Por doquier se vende la falacia de una debacle sectorial que las crisis desatadas por la pandemia de la Covid-19 contribuyeron a profundizar.
“Argumento” que pretende colocar a los pensadores, creadores y ejecutantes contra la pared de una supuesta carencia de opciones.
La realidad es otra: incluso en Estados Unidos. Este sector registra una resiliencia extraordinaria, colocándose entre los principales en la formación del PIB.
Es natural que así ocurra. En esa economía y cultura política reina una fuerte competencia del talento. Tanto que gobierno, empresas privadas y del tercer sector luchan por obtener servidores que garanticen resultados.
No gente especialista en activar estafas, fraudes, plagios, injusticias o revanchismos.
Lo vimos con el personal del National Institute of Health (NIH).

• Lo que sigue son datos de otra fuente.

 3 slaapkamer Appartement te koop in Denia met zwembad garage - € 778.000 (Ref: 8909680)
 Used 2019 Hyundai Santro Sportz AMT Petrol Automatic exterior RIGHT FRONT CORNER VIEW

Ni siquiera el ex presidente Donald Trump pudo torcer la política sanitaria a su favor.
Lo que aquí norma, allí es pecado grave, capital, crimen mayor.
Y así andamos desde que Mediocridad y Beocia lograron encaramarse en la gestión cultural, arrasando con intelectuales mayúsculos del sistema: Pedro Henríquez Ureña, Rafael Díaz Nieze, Rafael Villalona, Pedro Mir, Marcio Veloz Maggiolo...Estaban destinados y deseosos de aportar a una gestión cultural de aliento heroico. Beocia y Envidia los serrucharon.

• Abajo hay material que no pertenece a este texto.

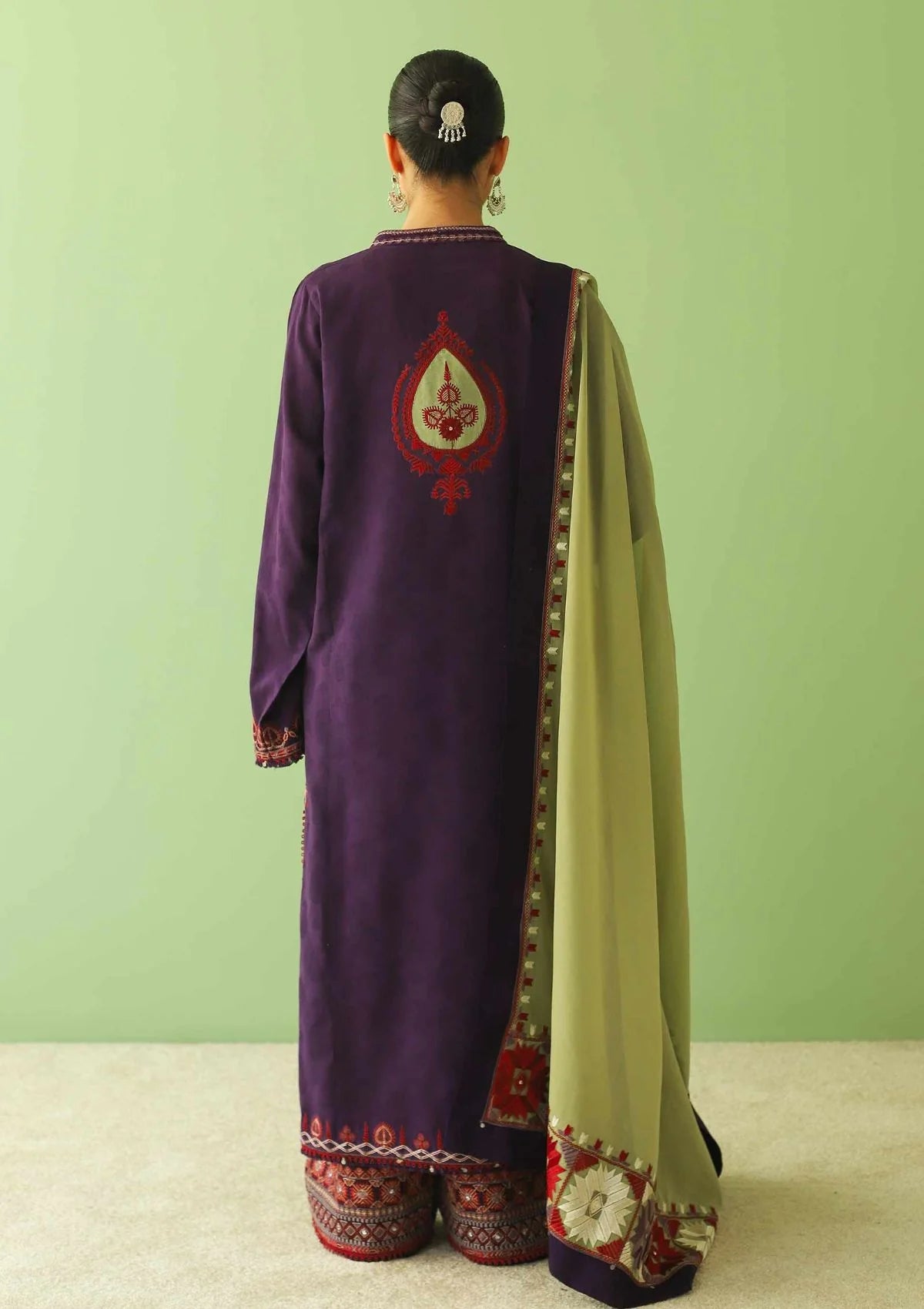 Embroidered Dhanak Unstitched 3PC Set | FS3077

Víctimas, todos, del poder “cultural” abusivo. Sus estaturas, sin embargo, no pudieron empequeñecerlas.
Pagaron el precio a pagar por la integridad en un país donde la política se cimenta en la estafa, el “tú sabes cómo es esto” y la exigencia de entregar —como requería Trujillo al ingresar a los hogares de sus funcionarios, visitando a sus esposas cuando ellos estaban ausentes— hasta el último centavo de dignidad.
Exigencia engreída en medio de la pobreza, acicateada por una propaganda orientada a restar importancia social y económica a intelectuales y artistas. Un discurso sobre el pesimismo cultural con el cual el utilitarismo político de los estafadores desea comprar intelectuales baratos, casi “por ná” para sumarlos como propagandistas y agitadores.
Al no poder ni saber producir algo culturalmente significativo, creen que su incapacidad y carencia de talento norman esta industria marcada por la destreza y la imaginación.
Fue placentero encontrar, en los reportes publicados el 25 de marzo, 2021, sobre el desempeño económico estadounidense que al cuarto trimestre del 2020 las industrias culturales crecieron +3.2%.
Lo hicieron después alcanzar +4.45% del 2018 al 2019, totalizando US$1,16 billones y valor agregado (cuenta satélite) de US$919,688.83 millones. Aportaron así +0.27% al PIB: más que las industrias de la información, negocios al por mayor, gestión empresarial, inmobiliaria, transporte, ventas al detalle y minería.
Resultado impulsado por dos sub áreas culturales: transmisiones, con $155,793.5 millones y las instituciones culturales públicas, con $113,639.3 millones.
La cultura no es, pues, ámbito para pobrezas de algún tipo.